ひとりでぶつぶつ言っていてもしかたがないので調べてみた。すると、疑問は簡単だが答えは複雑という、ほぼ予想通りの結果となった。
おもな要素はふたつ。「浸透圧」と「蒸散」という現象だった。
「浸透圧」というのは、水の分子が半透膜を通過して、濃度が低いほうから高いほうへ移動する現象だ。私のプロフィールに登場しているナメクジと塩の関係といえばわかりやすいと思う。
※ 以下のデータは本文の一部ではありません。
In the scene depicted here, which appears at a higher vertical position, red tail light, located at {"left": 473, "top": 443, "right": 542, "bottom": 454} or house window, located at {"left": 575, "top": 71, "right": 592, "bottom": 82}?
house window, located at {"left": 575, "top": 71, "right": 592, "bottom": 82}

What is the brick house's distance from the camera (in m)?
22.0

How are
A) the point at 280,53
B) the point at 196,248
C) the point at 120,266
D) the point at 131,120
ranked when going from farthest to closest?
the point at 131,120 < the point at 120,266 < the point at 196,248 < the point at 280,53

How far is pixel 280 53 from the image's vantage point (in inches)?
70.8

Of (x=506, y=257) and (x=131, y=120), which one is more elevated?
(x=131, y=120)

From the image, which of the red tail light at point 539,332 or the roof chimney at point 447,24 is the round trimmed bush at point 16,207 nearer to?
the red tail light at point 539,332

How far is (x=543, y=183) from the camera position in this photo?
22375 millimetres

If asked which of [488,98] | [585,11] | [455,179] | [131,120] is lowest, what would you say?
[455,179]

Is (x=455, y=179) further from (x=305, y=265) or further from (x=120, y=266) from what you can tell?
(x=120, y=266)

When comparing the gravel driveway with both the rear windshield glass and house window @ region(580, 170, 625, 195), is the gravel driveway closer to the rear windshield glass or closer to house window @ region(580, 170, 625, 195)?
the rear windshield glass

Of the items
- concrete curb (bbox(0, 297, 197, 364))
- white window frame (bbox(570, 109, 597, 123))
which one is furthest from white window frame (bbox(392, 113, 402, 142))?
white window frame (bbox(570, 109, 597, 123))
もうひとつの「蒸散」は、葉の表面にある小さな穴(気孔)から水蒸気が放出される現象(蒸発)だ。
箇条書きにすると以下のようになる。
1、根にある「根毛」という細胞が、浸透圧で土中の水分を吸い上げる。
2、蒸散によって葉から水分が出ていくと葉の細胞液の濃度が上がる。
3、その濃度を正常に戻すため、幹や枝から水分を葉に引き寄せる。
簡単にいえばこういうことのようだ。
補足すると、根毛は自らの浸透圧を高く保つために、土中のイオンや糖を積極的に取り込んでいる。
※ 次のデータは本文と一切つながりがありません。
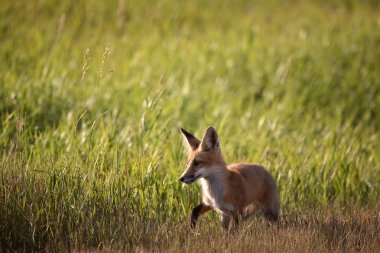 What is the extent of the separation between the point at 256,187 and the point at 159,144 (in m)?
2.21

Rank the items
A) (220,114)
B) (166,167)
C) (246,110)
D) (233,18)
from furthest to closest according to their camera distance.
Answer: (233,18) < (246,110) < (220,114) < (166,167)

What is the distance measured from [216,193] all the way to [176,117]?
4.35 m

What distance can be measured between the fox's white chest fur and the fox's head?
0.11 meters

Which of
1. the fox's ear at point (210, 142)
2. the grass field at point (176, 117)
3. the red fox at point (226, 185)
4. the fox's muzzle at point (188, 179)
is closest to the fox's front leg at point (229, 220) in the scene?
the red fox at point (226, 185)

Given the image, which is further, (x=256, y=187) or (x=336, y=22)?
(x=336, y=22)

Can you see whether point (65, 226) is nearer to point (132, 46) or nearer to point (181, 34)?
point (132, 46)

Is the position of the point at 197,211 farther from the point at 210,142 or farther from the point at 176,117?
the point at 176,117

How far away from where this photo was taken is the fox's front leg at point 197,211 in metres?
6.96

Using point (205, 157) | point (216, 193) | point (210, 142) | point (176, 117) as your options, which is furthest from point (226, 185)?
point (176, 117)

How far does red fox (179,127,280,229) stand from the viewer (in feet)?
22.9

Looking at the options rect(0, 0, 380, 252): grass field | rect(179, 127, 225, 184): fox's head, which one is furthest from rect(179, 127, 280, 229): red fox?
rect(0, 0, 380, 252): grass field

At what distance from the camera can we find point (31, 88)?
10789 mm

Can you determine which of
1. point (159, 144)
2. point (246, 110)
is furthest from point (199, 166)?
point (246, 110)

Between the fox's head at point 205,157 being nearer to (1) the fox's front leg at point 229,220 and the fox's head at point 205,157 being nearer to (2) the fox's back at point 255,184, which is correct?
(2) the fox's back at point 255,184
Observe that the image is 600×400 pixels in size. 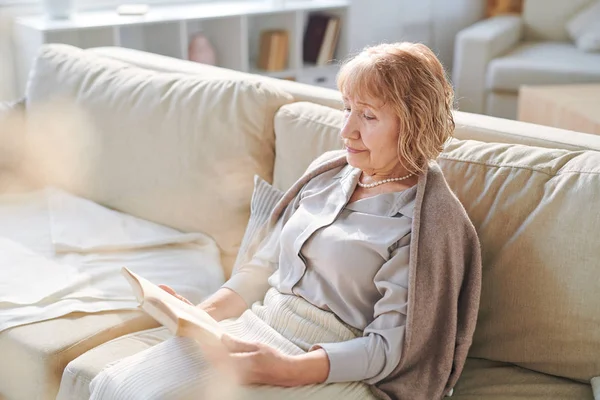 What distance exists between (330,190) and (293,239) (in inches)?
5.0

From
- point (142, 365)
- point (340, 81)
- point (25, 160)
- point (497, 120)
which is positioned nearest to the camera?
point (142, 365)

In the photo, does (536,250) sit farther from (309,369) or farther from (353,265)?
(309,369)

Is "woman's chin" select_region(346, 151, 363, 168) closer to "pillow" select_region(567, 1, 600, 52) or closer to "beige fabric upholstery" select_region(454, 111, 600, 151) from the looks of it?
"beige fabric upholstery" select_region(454, 111, 600, 151)

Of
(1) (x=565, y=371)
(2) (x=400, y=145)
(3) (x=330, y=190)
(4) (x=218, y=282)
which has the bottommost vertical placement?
(4) (x=218, y=282)

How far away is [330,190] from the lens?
64.8 inches

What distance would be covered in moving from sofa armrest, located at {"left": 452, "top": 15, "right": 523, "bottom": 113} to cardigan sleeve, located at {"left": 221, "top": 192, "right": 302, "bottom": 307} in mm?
2746

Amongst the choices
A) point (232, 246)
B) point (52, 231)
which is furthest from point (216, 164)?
point (52, 231)

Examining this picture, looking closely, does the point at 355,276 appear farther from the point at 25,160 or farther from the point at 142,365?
the point at 25,160

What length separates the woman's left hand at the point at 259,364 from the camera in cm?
135

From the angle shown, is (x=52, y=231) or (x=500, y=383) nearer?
(x=500, y=383)

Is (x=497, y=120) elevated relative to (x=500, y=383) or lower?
elevated

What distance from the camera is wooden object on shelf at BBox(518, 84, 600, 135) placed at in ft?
9.94

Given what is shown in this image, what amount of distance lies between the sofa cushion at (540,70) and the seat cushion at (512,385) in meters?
2.89

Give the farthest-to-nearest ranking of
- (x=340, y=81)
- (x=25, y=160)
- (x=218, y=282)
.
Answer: (x=25, y=160) → (x=218, y=282) → (x=340, y=81) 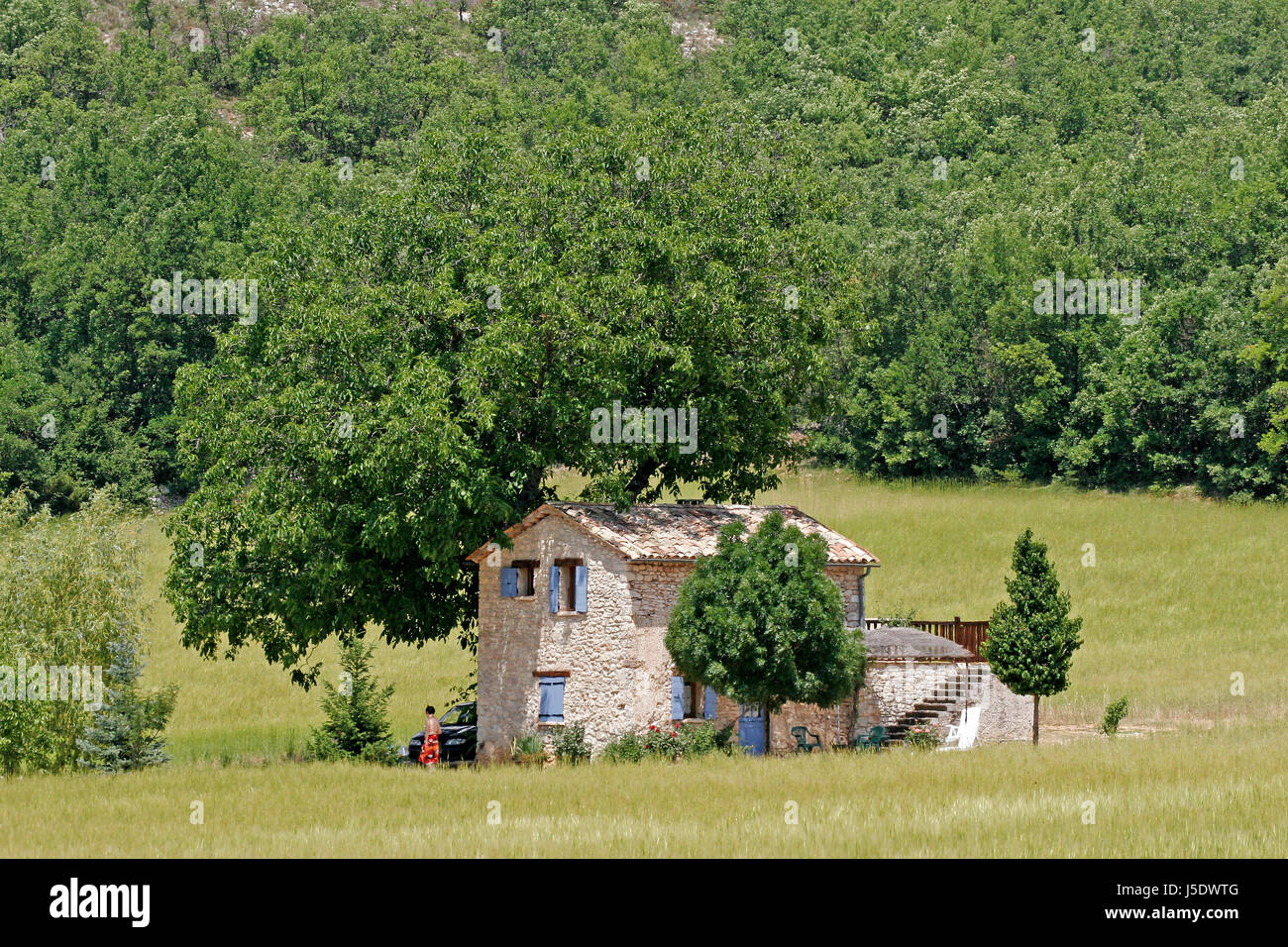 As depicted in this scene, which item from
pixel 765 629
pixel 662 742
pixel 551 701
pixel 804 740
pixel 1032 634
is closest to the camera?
pixel 765 629

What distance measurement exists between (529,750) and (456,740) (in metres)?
4.23

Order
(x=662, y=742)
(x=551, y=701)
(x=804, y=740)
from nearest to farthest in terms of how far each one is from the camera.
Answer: (x=662, y=742), (x=551, y=701), (x=804, y=740)

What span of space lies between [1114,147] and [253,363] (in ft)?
275

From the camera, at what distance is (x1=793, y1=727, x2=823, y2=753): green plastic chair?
1674 inches

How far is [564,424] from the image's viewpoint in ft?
142

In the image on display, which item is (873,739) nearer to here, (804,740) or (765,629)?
(804,740)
その結果、根毛の細胞液の濃度が濃くなり、これまた浸透圧によって土中の水分が根に移動する。この仕組みは「根圧」と呼ばれるもので、水を押し上げるポンプのような働きをする。
なるほど、と私は膝を打つことになる。
一応、仕組みというか理屈はわかった。わかったが、心の底では「ほんとうかなあ」などと疑っている。
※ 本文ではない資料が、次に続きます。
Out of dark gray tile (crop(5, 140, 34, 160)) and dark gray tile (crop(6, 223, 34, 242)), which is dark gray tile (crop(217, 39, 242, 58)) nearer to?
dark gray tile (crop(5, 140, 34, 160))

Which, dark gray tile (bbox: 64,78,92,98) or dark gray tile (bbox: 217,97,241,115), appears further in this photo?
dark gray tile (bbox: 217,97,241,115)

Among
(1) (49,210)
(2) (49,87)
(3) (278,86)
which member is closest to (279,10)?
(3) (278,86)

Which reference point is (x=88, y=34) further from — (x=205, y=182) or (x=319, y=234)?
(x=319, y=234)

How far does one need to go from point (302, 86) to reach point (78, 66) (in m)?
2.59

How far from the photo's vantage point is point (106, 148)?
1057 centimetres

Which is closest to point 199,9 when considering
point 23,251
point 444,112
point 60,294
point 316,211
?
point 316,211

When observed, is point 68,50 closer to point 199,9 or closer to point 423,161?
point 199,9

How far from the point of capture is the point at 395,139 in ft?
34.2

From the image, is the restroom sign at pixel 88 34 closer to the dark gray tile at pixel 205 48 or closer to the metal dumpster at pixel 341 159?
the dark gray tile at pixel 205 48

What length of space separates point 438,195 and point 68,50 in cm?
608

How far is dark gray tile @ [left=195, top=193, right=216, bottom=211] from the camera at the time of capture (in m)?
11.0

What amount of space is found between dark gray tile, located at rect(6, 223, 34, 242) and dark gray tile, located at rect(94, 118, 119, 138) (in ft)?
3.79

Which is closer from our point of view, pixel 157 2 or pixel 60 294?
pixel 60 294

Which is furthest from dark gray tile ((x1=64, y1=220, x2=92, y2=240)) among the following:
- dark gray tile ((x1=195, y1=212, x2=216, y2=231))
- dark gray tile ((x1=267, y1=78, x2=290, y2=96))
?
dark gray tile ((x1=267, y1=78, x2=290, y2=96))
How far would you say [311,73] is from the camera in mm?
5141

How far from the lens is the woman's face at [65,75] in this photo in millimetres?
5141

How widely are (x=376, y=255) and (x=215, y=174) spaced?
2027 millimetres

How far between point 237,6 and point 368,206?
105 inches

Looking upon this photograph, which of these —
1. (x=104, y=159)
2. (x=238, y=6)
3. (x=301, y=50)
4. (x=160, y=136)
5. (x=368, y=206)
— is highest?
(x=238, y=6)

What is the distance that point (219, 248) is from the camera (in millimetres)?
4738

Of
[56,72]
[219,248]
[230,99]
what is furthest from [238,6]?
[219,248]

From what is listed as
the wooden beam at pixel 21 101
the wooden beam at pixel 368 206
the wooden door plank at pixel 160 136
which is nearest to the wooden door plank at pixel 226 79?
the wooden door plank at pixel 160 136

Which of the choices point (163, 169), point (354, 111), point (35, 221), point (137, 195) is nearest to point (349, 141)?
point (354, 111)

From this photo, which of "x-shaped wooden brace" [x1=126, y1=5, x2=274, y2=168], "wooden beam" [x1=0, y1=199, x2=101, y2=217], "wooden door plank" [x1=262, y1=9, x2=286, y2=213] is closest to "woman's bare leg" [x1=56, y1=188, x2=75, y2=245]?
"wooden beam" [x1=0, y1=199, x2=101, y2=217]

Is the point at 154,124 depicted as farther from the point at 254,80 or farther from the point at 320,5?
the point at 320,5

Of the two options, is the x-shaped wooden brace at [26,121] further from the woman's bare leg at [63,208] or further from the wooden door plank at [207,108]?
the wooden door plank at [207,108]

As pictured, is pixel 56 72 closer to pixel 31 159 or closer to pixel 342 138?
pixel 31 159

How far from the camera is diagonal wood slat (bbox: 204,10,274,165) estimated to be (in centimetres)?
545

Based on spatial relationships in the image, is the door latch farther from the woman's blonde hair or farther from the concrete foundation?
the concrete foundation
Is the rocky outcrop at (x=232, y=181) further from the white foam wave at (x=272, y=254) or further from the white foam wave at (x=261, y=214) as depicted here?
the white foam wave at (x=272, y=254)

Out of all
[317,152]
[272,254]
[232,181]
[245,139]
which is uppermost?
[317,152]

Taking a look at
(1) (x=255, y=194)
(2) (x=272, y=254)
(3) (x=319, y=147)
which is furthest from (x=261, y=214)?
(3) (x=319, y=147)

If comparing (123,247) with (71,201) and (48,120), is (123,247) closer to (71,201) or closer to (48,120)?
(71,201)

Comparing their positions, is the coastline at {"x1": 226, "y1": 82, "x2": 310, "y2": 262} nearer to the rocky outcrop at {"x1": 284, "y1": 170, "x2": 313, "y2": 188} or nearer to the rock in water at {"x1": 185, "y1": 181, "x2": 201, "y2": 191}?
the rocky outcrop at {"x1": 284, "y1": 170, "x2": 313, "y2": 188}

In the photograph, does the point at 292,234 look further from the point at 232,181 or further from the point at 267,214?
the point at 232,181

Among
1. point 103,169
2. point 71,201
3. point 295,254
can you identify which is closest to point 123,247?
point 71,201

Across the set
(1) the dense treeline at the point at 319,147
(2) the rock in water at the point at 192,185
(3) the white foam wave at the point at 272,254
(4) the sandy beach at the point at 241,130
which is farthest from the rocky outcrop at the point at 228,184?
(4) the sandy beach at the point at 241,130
なにしろ、ヒマラヤスギでは樹高が30メートルを超えるものもあり、セコイアという樹種では100メートル近くにまで生長するものもあるのだ。ケヤキなどは奔放に枝を張り、高さばかりか周囲も広げる。そんな枝葉の隅々まで水分を行き渡らせるのだ。
疑おうと信じようと、現実にたくさんの巨樹が存在している。ヒマラヤスギもセコイアも、現実に水を吸い上げているのだ。ああ、悩ましい。